- Data for the task:
------------------------
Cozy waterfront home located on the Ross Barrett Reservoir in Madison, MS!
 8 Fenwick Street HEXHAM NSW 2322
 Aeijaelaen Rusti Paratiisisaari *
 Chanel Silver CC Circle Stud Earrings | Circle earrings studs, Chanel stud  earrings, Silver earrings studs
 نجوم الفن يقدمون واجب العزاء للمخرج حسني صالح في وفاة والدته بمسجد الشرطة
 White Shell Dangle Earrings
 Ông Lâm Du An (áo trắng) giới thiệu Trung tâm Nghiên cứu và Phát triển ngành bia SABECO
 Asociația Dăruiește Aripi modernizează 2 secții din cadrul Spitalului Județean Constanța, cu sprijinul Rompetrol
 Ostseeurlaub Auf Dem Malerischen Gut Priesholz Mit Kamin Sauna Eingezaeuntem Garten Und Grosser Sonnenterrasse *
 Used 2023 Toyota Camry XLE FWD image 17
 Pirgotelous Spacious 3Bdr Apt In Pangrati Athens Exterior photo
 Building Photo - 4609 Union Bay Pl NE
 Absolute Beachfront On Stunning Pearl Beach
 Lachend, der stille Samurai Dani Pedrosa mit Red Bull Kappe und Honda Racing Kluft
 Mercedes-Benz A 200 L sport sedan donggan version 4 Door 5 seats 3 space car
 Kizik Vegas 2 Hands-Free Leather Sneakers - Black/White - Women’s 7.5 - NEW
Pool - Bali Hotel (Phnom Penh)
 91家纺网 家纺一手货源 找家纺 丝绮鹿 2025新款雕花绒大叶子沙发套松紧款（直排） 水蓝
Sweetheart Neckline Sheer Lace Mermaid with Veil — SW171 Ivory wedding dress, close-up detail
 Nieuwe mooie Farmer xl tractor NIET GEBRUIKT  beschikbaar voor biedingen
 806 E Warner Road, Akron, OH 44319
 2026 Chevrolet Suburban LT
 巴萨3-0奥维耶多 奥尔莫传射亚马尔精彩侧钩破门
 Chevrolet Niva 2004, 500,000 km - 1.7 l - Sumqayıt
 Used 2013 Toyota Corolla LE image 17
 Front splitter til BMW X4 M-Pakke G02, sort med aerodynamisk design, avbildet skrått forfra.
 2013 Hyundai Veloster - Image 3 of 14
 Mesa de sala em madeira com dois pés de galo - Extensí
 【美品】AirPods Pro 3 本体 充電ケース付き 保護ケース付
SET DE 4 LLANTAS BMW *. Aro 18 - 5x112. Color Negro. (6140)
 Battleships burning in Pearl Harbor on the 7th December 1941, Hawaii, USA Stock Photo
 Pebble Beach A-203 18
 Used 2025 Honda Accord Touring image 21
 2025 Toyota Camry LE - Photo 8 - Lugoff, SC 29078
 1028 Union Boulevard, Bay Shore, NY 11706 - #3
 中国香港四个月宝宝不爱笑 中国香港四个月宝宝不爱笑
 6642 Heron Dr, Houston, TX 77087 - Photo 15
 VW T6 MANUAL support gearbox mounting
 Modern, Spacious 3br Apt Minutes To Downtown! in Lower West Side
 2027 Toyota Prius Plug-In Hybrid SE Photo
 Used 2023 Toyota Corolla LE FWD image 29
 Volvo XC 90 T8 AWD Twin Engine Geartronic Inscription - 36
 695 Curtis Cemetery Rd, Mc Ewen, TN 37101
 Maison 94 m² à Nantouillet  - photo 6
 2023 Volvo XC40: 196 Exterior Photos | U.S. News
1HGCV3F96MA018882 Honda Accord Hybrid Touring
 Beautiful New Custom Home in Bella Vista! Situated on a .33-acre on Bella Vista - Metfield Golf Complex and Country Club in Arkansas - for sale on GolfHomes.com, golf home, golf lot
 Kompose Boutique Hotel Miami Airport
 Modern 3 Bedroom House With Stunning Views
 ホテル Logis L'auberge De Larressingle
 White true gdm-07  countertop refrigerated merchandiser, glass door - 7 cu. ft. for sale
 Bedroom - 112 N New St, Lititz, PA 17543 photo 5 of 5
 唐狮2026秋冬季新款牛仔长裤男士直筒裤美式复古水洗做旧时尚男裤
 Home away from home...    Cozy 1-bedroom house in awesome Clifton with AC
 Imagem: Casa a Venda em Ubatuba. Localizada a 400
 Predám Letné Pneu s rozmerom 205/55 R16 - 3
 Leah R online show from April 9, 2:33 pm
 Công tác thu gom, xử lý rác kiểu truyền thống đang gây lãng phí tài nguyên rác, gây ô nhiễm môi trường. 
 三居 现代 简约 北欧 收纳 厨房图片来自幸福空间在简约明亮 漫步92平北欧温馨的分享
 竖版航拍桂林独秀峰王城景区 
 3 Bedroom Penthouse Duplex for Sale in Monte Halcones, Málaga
------------------------
- Work instruction: Only one span is wanted. It runs from the first line of the listing through the line with "Absolute Beachfront On Stunning Pearl Beach", and each line must match exactly.

- Exercise answer:
Cozy waterfront home located on the Ross Barrett Reservoir in Madison, MS!
 8 Fenwick Street HEXHAM NSW 2322
 Aeijaelaen Rusti Paratiisisaari *
 Chanel Silver CC Circle Stud Earrings | Circle earrings studs, Chanel stud  earrings, Silver earrings studs
 نجوم الفن يقدمون واجب العزاء للمخرج حسني صالح في وفاة والدته بمسجد الشرطة
 White Shell Dangle Earrings
 Ông Lâm Du An (áo trắng) giới thiệu Trung tâm Nghiên cứu và Phát triển ngành bia SABECO
 Asociația Dăruiește Aripi modernizează 2 secții din cadrul Spitalului Județean Constanța, cu sprijinul Rompetrol
 Ostseeurlaub Auf Dem Malerischen Gut Priesholz Mit Kamin Sauna Eingezaeuntem Garten Und Grosser Sonnenterrasse *
 Used 2023 Toyota Camry XLE FWD image 17
 Pirgotelous Spacious 3Bdr Apt In Pangrati Athens Exterior photo
 Building Photo - 4609 Union Bay Pl NE
 Absolute Beachfront On Stunning Pearl Beach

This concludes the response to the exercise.